I have an art degree, did a long module on one of my classes on women in art history, and when given a choice would often pick women artists to write papers on, so this was an interesting challenge for me because I'm also terrible with names. But I was able to visualize the art of five different women artists :) and then come here to see how their names are spelled.

Being able to see women artists represented in museums is sooo important to young artists and scholars. I actually know the name of Audrey Flack because one of her colorful photorealist works is in our campus museum. That's how I developed an appreciation for Elizabeth Vigee-Lebrun as well.
posted by Squeak Attack at 2:31 PM on March 1, 2017 [1 favorite]




Eva Hesse
Agnes Martin
Vallie Export
Louise Nevelson
Judy Chicago
Marnie Weber
Hilma af Klimt
Marisa Merz
Nancy Rubens
Vija Celmins
posted by nanook at 2:42 PM on March 1, 2017 [2 favorites]


OMG I just remembered a bunch of indigenous women artists I've had the luck to learn about:

Jamie Okuma
Roxanne Swentzell
Kay Walkingstick
Judith Lowry
Marie Watt
Maria Martinez
Margaret Tafoya
D. Y. Begay

Not to mention countless Native and non-Native women responsible for the vast bulk of pottery, vessels, decorative painted and transferred wares, and textiles in museum collections and elsewhere, made before anyone thought they deserved credit.
posted by Miko at 2:55 PM on March 1, 2017 [6 favorites]


Oh gosh and Wendy Red Star
posted by Miko at 2:56 PM on March 1, 2017


This is a great thread! It makes me realize that though there are one or two areas of art history where I really know about women artists, my knowledge is very weak elsewhere.

I was thinking also: what about working artists instead of fine artists? Or genre painters? My great aunt was a working artist - she supported herself partially through commercial art and also painted watercolor landscapes, one of which is in the Art Institute of Chicago's giant storage rooms somewhere as an example of regional art. A friend's mother does paintings of regional birds (and some characteristically American birds from elsewhere) and that's how she makes her living.

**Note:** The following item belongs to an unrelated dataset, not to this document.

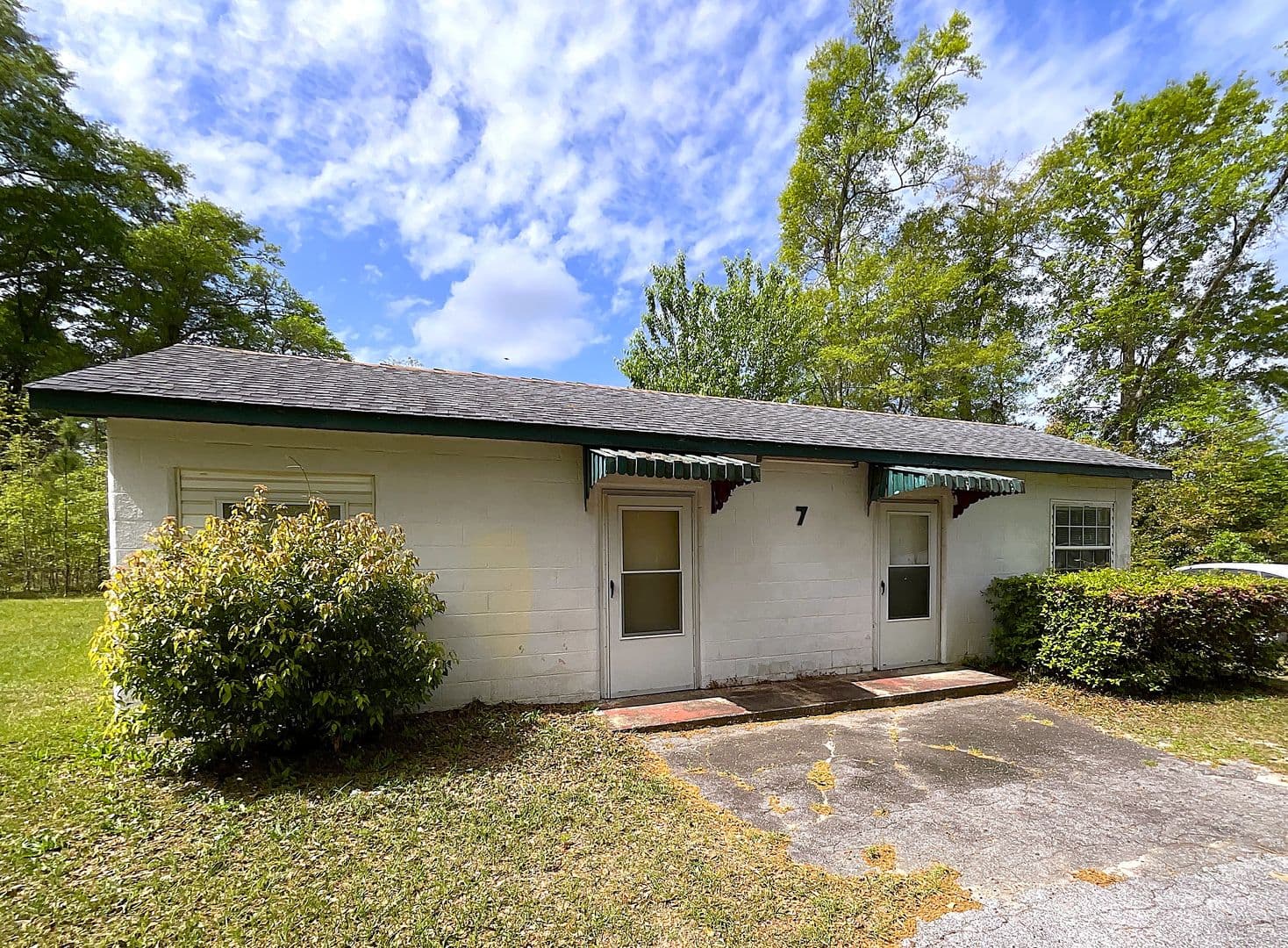 Bonifay House: 125 Hill Loop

I think a lot of women artists of the medium-term past may be hiding in "genre" art and illustration categories.
posted by Frowner at 2:59 PM on March 1, 2017 [8 favorites]


20 Important African-American Female Artists of the 20th Century

Where My Girls At? 20 Black Female Artists with Solo Exhibitions on View this Fall (Fall of 2015)

Came across these while looking for Jennie C. Jones (I'm another one who remembers the work but not names!)
posted by jeweled accumulation at 3:02 PM on March 1, 2017 [5 favorites]


Frowner, you make a really good point.

See this recent editorial: Can Only Rich Kids Afford to Work in the Art World?

(this is close to my heart and something I think of every day, as an "artist" who actually needs to support myself.)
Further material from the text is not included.